We will examine a subset of major storm data that is available from
the dplyr
package. This will be illustrative only.
##
## Attaching package: 'dplyr'
## The following objects are masked from 'package:stats':
##
## filter, lag
## The following objects are masked from 'package:base':
##
## intersect, setdiff, setequal, union
my_data <-
dplyr::storms %>%
rename(ts_diameter = tropicalstorm_force_diameter,
hu_diameter = hurricane_force_diameter) %>%
filter(year > 2006) %>%
select(year, ts_diameter, hu_diameter, lat, long, status, category, wind, pressure)
str(my_data)
## tibble [4,309 × 9] (S3: tbl_df/tbl/data.frame)
## $ year : num [1:4309] 2007 2007 2007 2007 2007 ...
## $ ts_diameter: int [1:4309] 0 110 110 120 120 0 0 0 60 240 ...
## $ hu_diameter: int [1:4309] 0 0 0 0 0 0 0 0 0 0 ...
## $ lat : num [1:4309] 22.3 23.6 24.3 25.1 27 27.5 29.7 35.5 37.1 39.1 ...
## $ long : num [1:4309] -85.8 -85.7 -85.2 -84.6 -83.2 -82.7 -82.1 -66.5 -65.5 -64.2 ...
## $ status : chr [1:4309] "tropical depression" "tropical storm" "tropical storm" "tropical storm" ...
## $ category : Ord.factor w/ 7 levels "-1"<"0"<"1"<"2"<..: 1 2 2 2 2 1 1 1 2 2 ...
## $ wind : int [1:4309] 30 40 50 45 40 30 30 30 35 45 ...
## $ pressure : int [1:4309] 1004 1000 997 998 1000 1000 1001 1007 1004 999 ...
When you create data to monitor drift, I recommend using a group
column that is formatted akin to ISO-8601 standards,
e.g. YYYY-MM-DD
, and stacking the data sets in order of
date. This will ensure your output is easy to read.

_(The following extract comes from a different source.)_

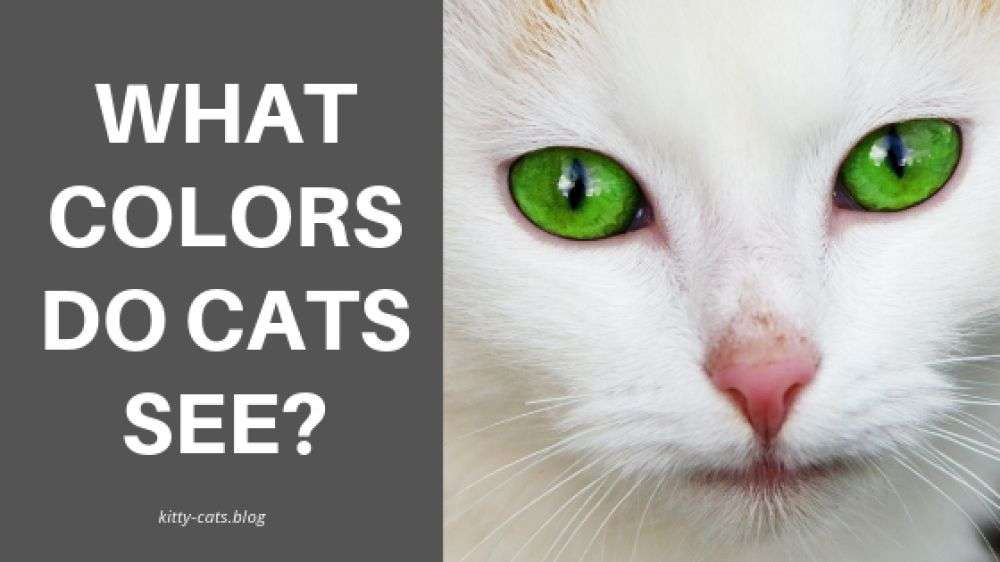 What colors do cats see?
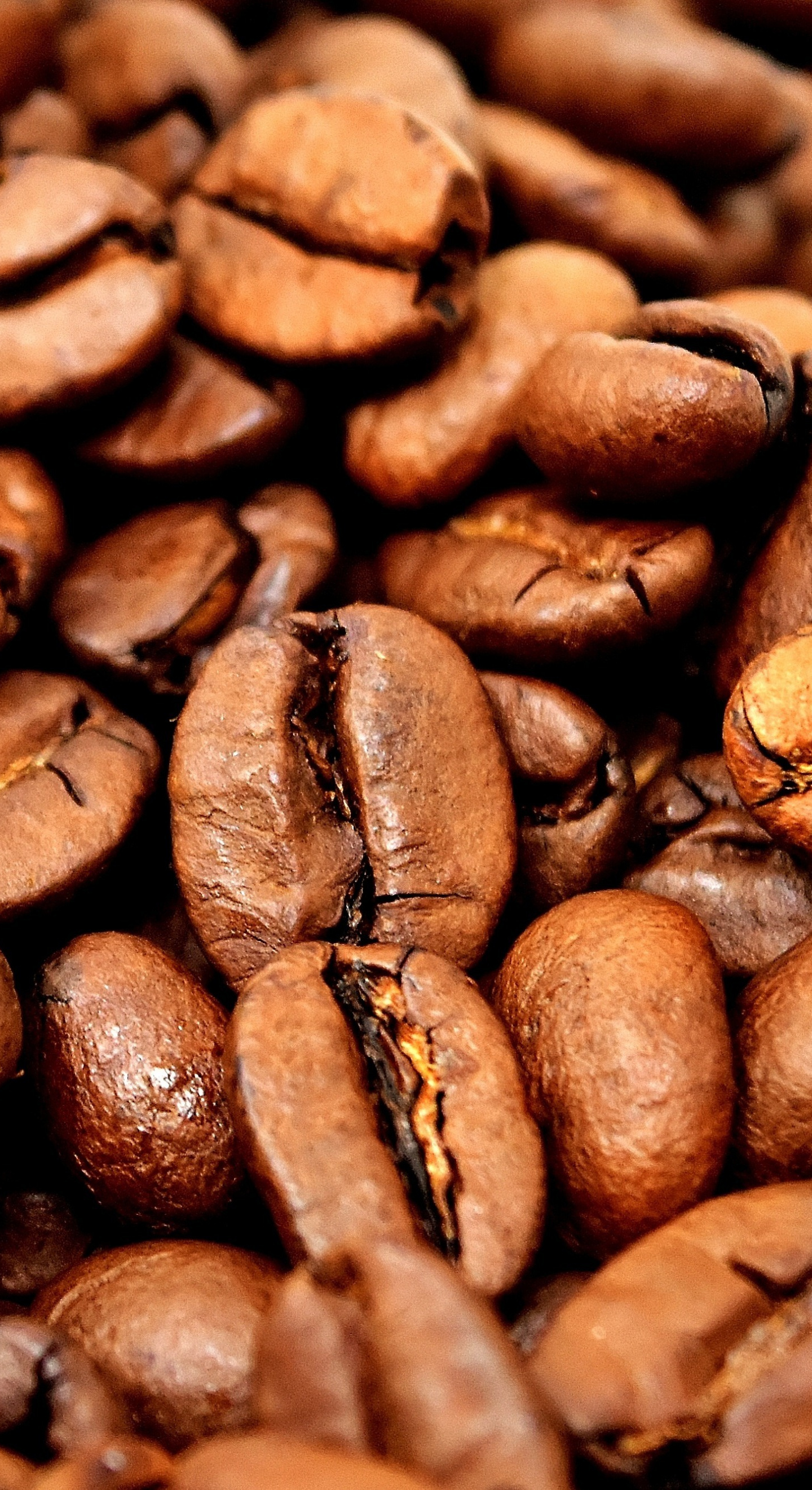 Coffee Beans, Close Up, Wallpaper - HD Wallpaper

I recommend using flyover_binline_ridges
or
flyover_density_ridges
to monitor drift of numeric
variables over time.
ridges <- build_plots(my_data, flyover_density_ridges, group_var = "year")
build_display(ridges,
display_name = "ridges",
output_dir = "display-storm-ridges")
I recommend using flyover_bar_fill
to monitor drift of
categorical vairables over time. This will work best if the number of
categories is small.
bar_fill <- build_plots(my_data, flyover_bar_fill, group_var = "year")
build_display(bar_fill,
display_name = "bar fill",
output_dir = "display-storm-bar-fill")
You can also monitor missing values, either as raw counts or as a percent of total observations for the group.
na_count <- build_plots(my_data, flyover_na_count, group_var = "year")
build_display(na_count,
display_name = "NA count",
output_dir = "display-storm-na-count")
na_percent <- build_plots(my_data, flyover_na_percent, group_var = "year")
build_display(na_percent,
display_name = "NA percent",
output_dir = "display-storm-na-percent")